EXERCISE DATA:
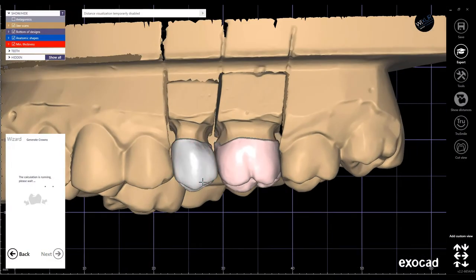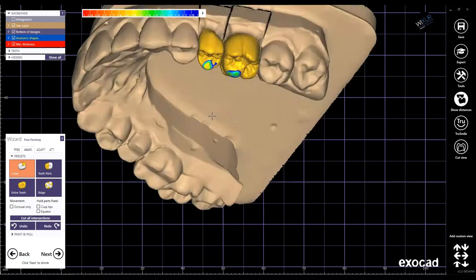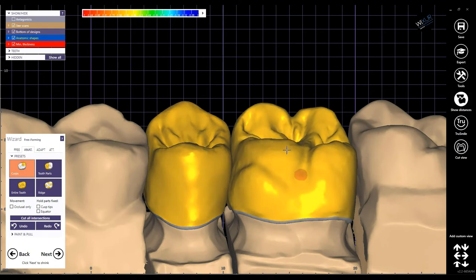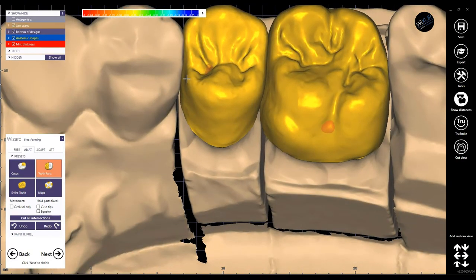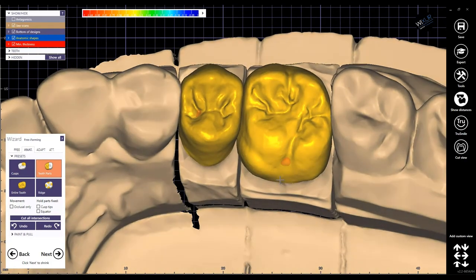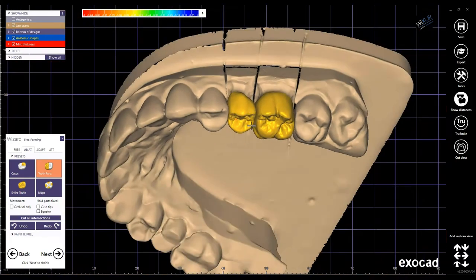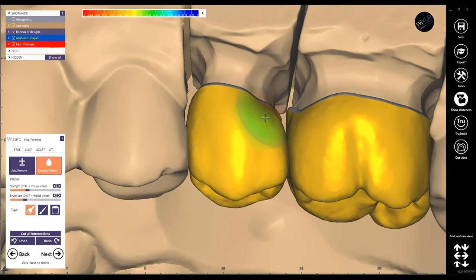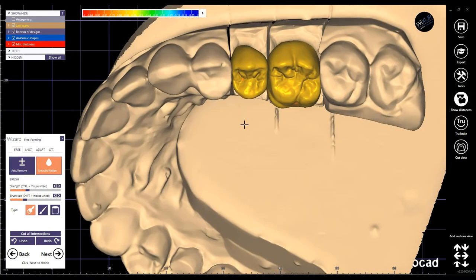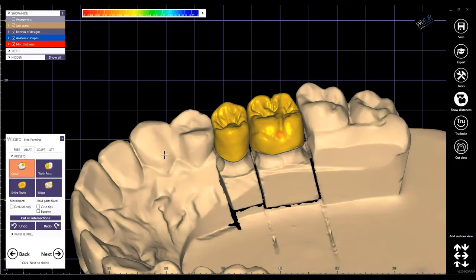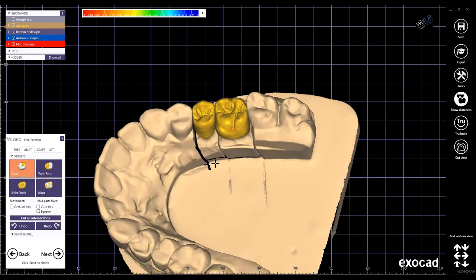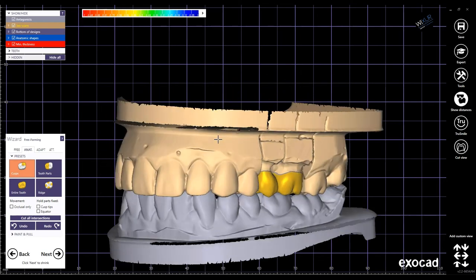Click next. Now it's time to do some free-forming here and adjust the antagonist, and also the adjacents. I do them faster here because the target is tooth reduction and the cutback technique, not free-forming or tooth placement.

--

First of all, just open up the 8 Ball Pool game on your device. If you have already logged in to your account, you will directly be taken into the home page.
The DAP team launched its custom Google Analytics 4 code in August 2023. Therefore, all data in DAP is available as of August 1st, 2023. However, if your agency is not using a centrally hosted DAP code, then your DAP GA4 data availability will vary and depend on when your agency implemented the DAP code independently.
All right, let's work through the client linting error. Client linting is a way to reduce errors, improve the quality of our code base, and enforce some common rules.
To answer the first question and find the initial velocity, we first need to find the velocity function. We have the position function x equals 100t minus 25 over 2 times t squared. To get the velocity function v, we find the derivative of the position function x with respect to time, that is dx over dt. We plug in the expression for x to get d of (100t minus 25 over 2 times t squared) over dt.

ABOUT THIS EXERCISE: Only the lines above starting at the line that holds "The DAP team" and ending at the line that holds "To answer the" are to be repeated, exactly and in full.

ANSWER FOR THIS EXERCISE:
The DAP team launched its custom Google Analytics 4 code in August 2023. Therefore, all data in DAP is available as of August 1st, 2023. However, if your agency is not using a centrally hosted DAP code, then your DAP GA4 data availability will vary and depend on when your agency implemented the DAP code independently.
All right, let's work through the client linting error. Client linting is a way to reduce errors, improve the quality of our code base, and enforce some common rules.
To answer the first question and find the initial velocity, we first need to find the velocity function. We have the position function x equals 100t minus 25 over 2 times t squared. To get the velocity function v, we find the derivative of the position function x with respect to time, that is dx over dt. We plug in the expression for x to get d of (100t minus 25 over 2 times t squared) over dt.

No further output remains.